The moment where Sumney starts to become self-effacing is a major turning point, as if he’s just broken a spell keeping him somehow mysterious and separate from his fans. With the frontman in more relaxed, jovial spirits his performance’s second phase is more poppy in a straightforward sense. Firstly, he gets a reluctant British crowd to sing a backing harmony to ‘Rank & File’, before finishing with an encore where he absolutely masters a cover of Amy Winehouse’s ‘I Heard That Love Is Blind’. The way he can hit those high notes makes you think of someone like Jeff Buckley, who can just do that while sounding in total control. As it happens he’s also got the pipes for another song by a female artist, namely Bjork’s ‘Come To Me’, which is as equally powerful.

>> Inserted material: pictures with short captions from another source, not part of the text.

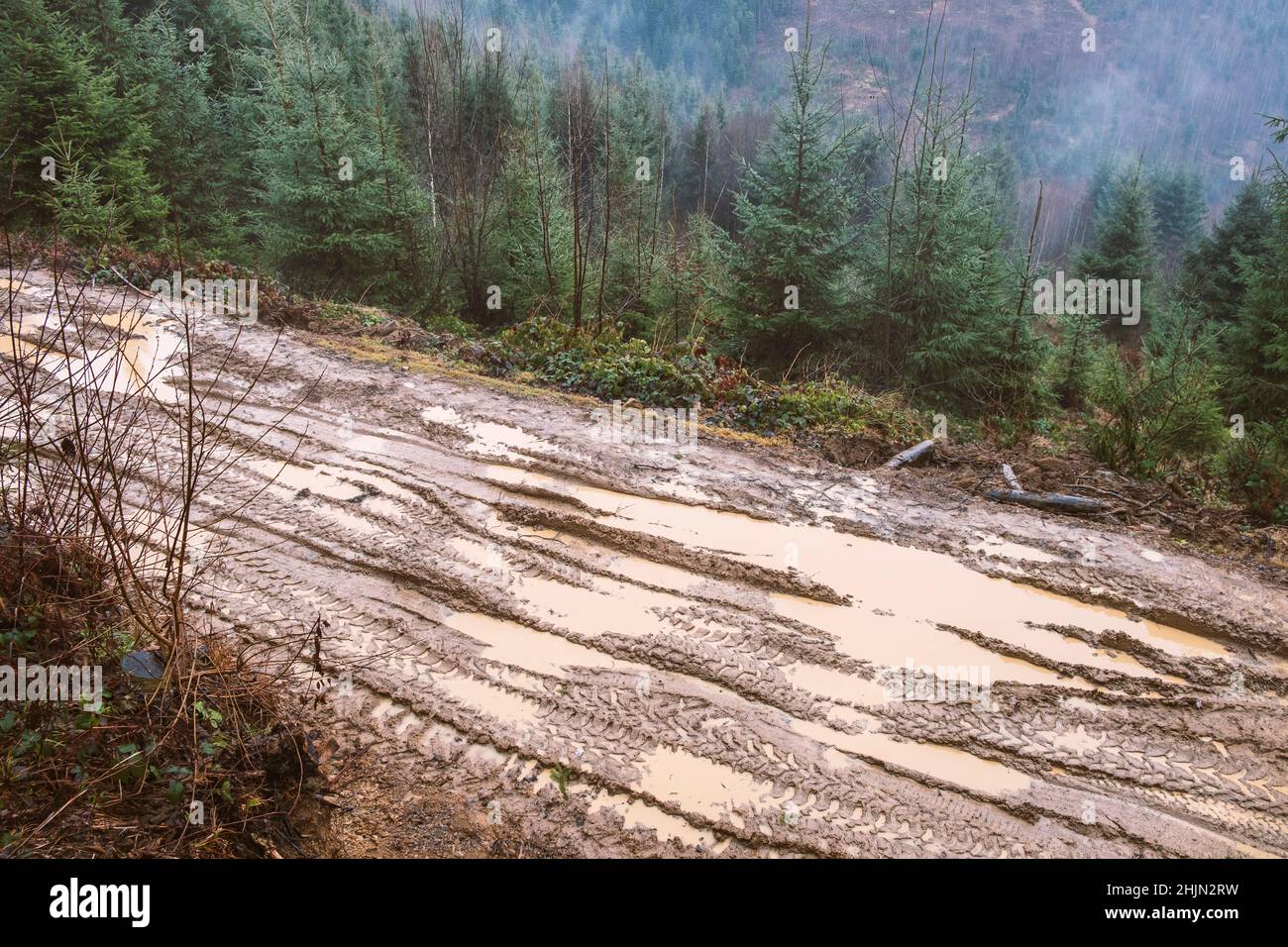 Nasse schmutzige Straße im Herbst in den Karpaten, Ukraine Stockfoto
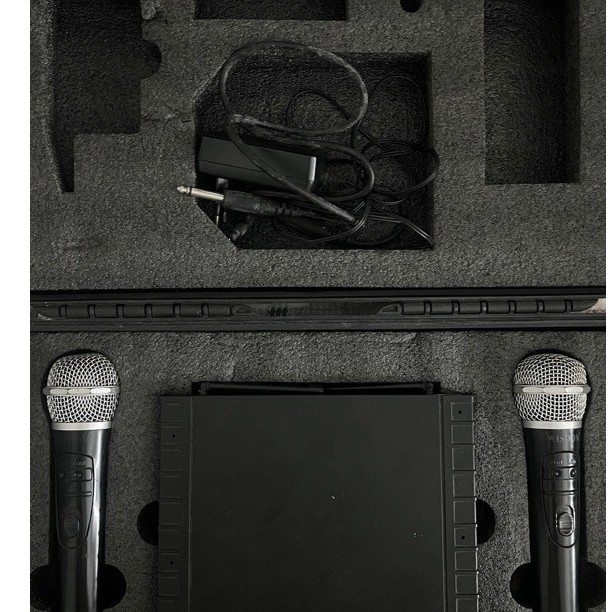 Mic Wireless Wisdom WD 223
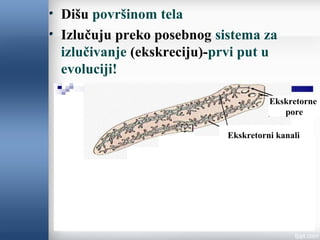 Dišu površinom tela
Izlučuju preko posebnog sistema za
izlučivanje (ekskreciju)-prvi put u
evoluciji!
Ekskretorni kanali
Ekskretorne
pore
 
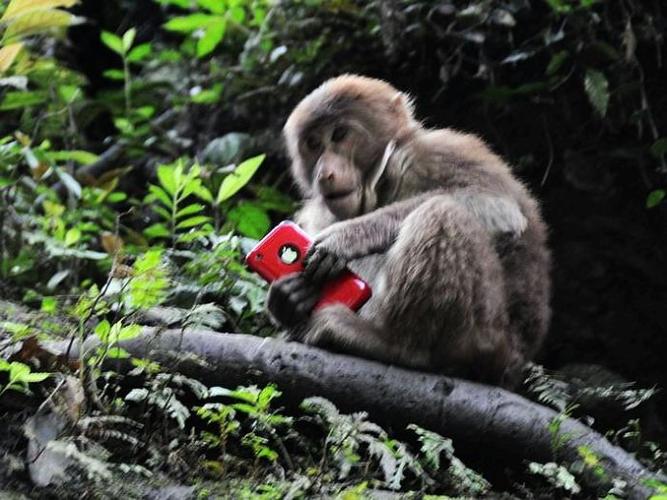 乐山峨眉山自助游:幽谷灵猴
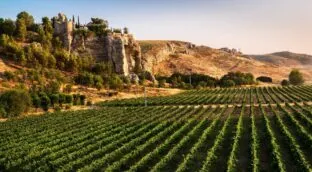 Comarca de Las Vegas y Alcarria Madrileña: la ruta secreta al sabor más auténtico de Madrid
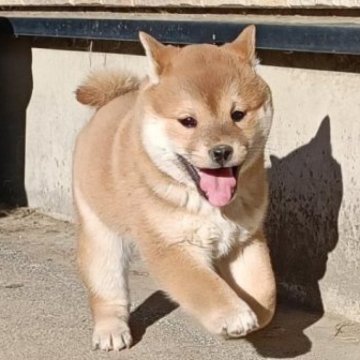 柴犬(標準サイズ)【山梨県・女の子・2022年11月3日・赤毛】の写真「とにかく元気な女の子です」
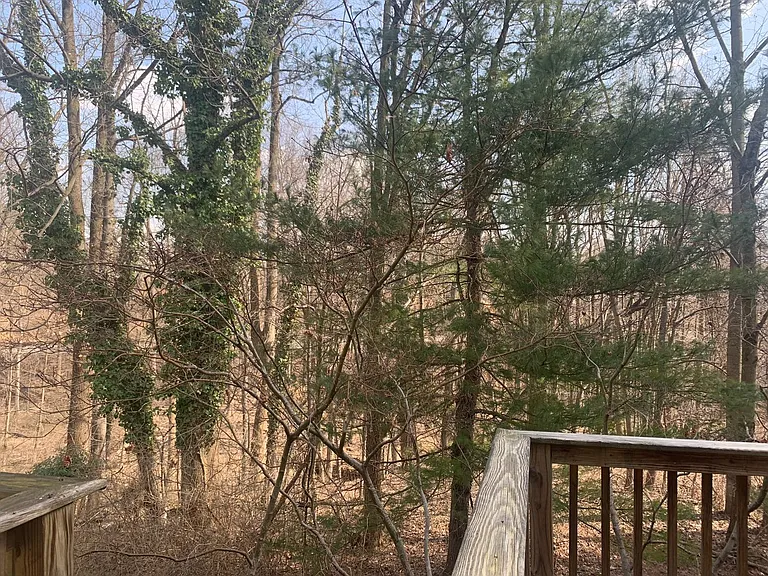 19117 Grotto Ln — Photo 39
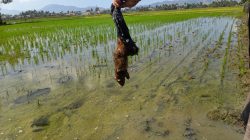 Padi Sawah Terancam Hama Tikus, UPTD Balintan Gorontalo Tekankan Pentingnya Deteksi Dini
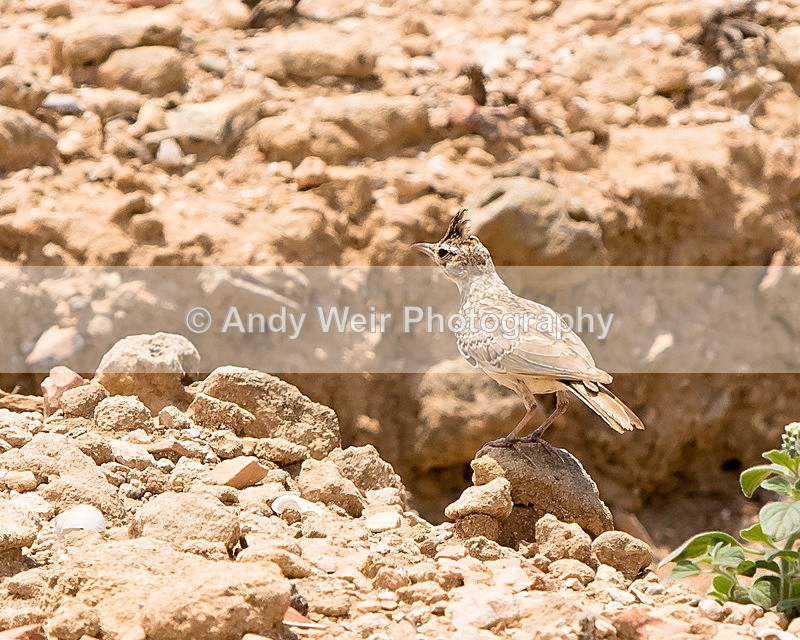 20150611-8E0A9441 - Abroad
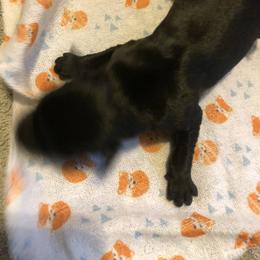 Miniature Schnauzer and Poodle Puppies from Bits & Bytes Farm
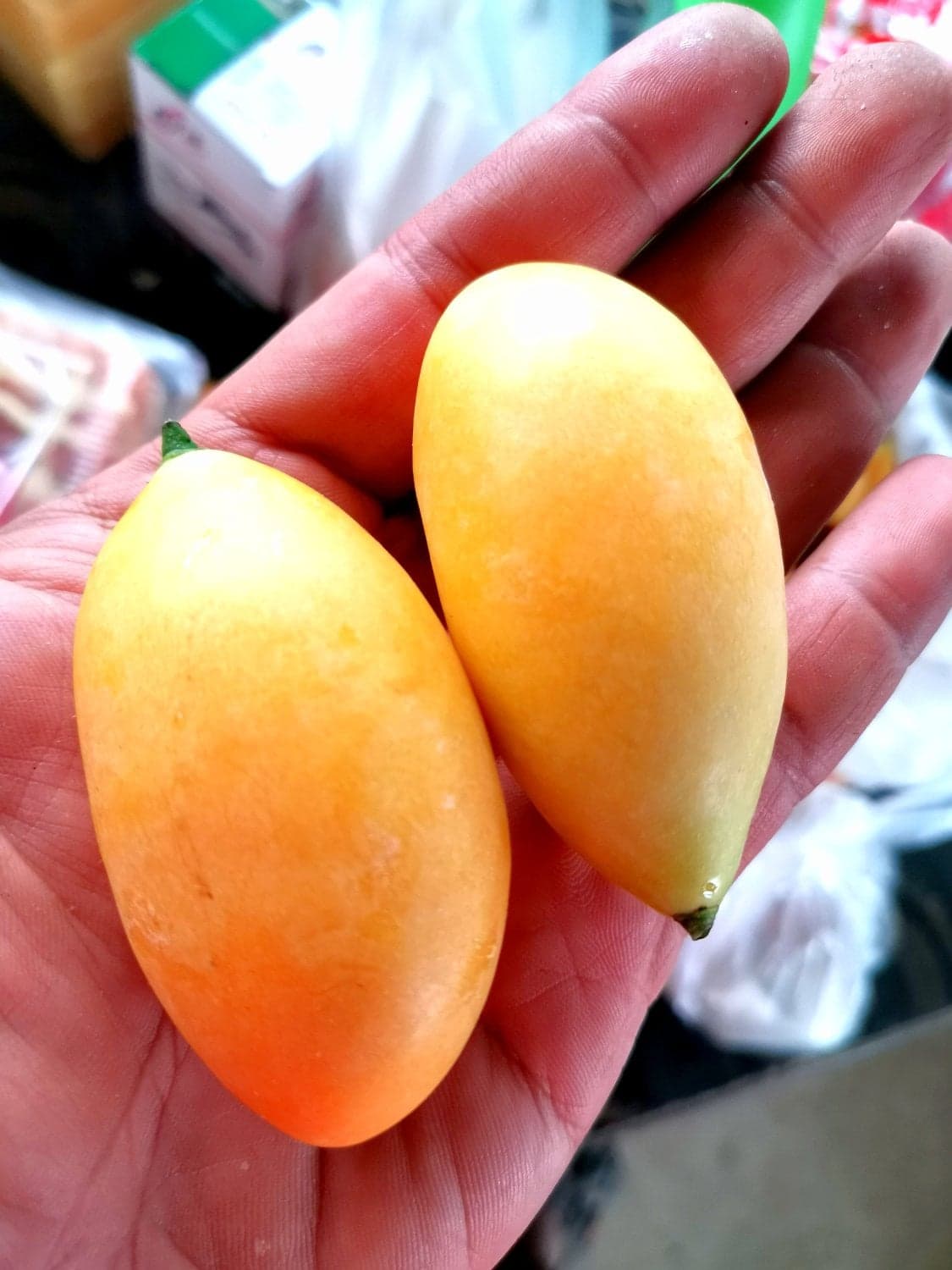 มะยงชิด อำเภอแม่ใจ จังหวัดพะเยา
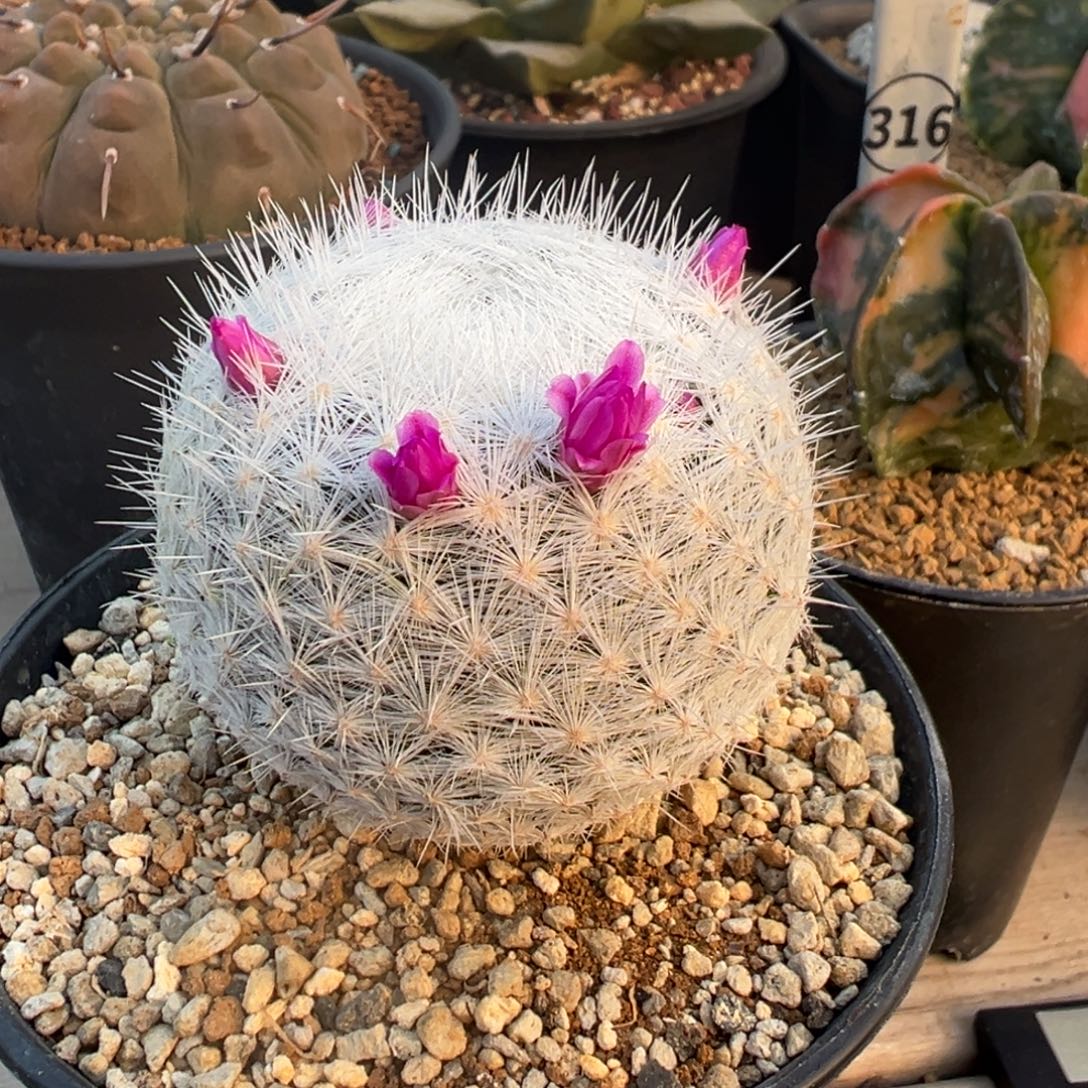 实生根立刺大春星多肉植物带盆土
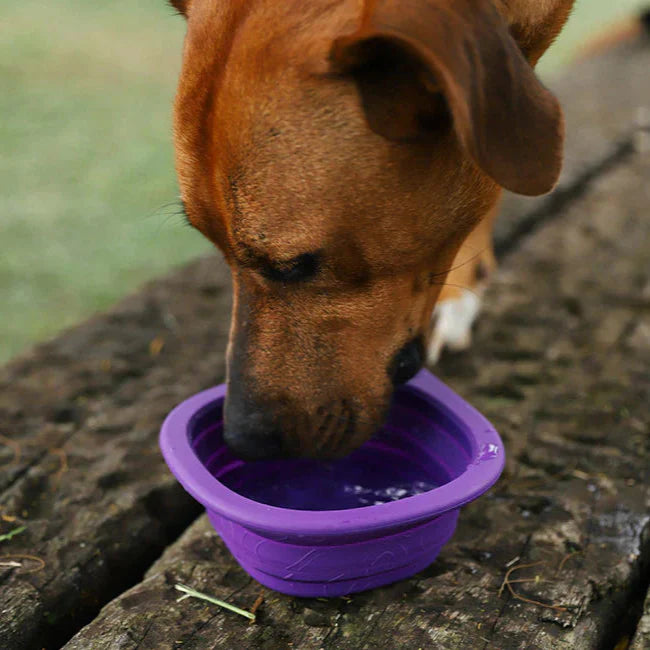 dog drinking from water bowl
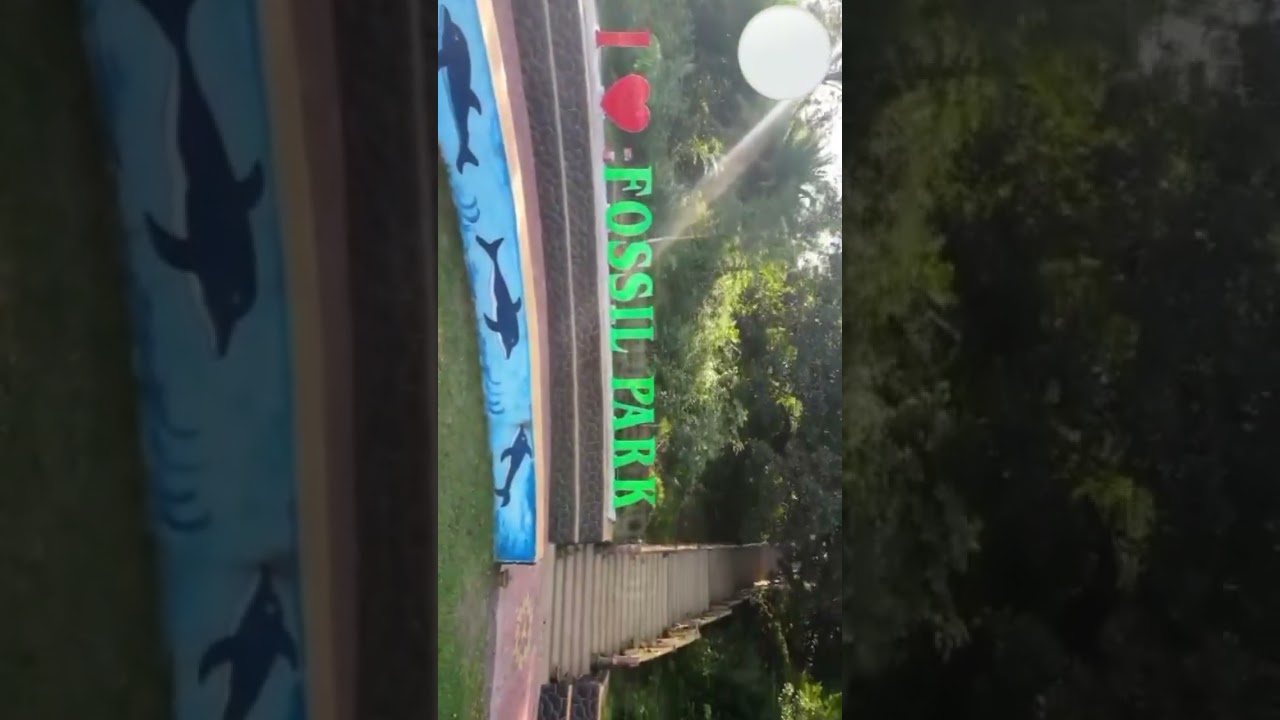 FOSSIL PARK MANDRO SAHIBGANJ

For the entire evening it’s as if Sumney is playing two roles, switching between this immensely soulful singer-songwriter and a flippant comedian. People are screaming for Prince covers, but exasperated he turns the offer down. “I knew it was a bad idea to wear a jumpsuit, I can’t go to the toilet in it,” he jokes about the outfit he’s wearing, just as he’s starting to tie up the set, “… if you haven’t seen me before… buy my merch!” You can’t help but wonder if the man is still pinching himself at his success, after all he’s now at the Royal Festival Hall already despite having only released his debut album Aromanticism last year. But Sumney knows intuitively how to make his music a momentous, special occasion - which you can’t teach of course - so who knows where he might be when I see him next.